Sometimes, this does not work. There are situations in which universal software design patterns are not appropriate at all. I am not going to talk about that right now. Rather, what I can say is that it is possible to take software objects structures and software design patterns for granted. That is to say, you read the 1994 Design Patterns book, several other books on software design patterns and, most especially, Martin Fowler’s Patterns of Enterprise Architecture, and one day find that you are using design patterns intuitively and now have totally forgotten the origins of what you do or why you do what you do. That is where I ended up.

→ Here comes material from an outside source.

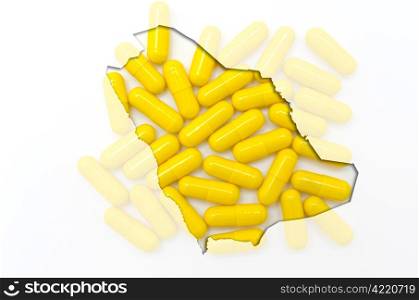 Outline saudi arabia map with transparent background of capsules symbolizing pharmacy and medicine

It is good to find a book that covers old ground again in a more up-to-date way that is cleaner, clearer, and better aligned to the conditions of today. Robert Nystrom does well to restate the classic software design patterns in conventional language that also accounts for the realistic scenarios to which those patterns could apply. He does not assume that the patterns are free of context because in reality, they are not. He does help sustain the relevance of software design patterns as a common vocabulary about the structure of software, at least in corporate IT and certain segments of commercial software development, and he makes the topic of software design, or at least, how you put a program together in concept more accessible through a very accessible discussion supported by well delivered examples.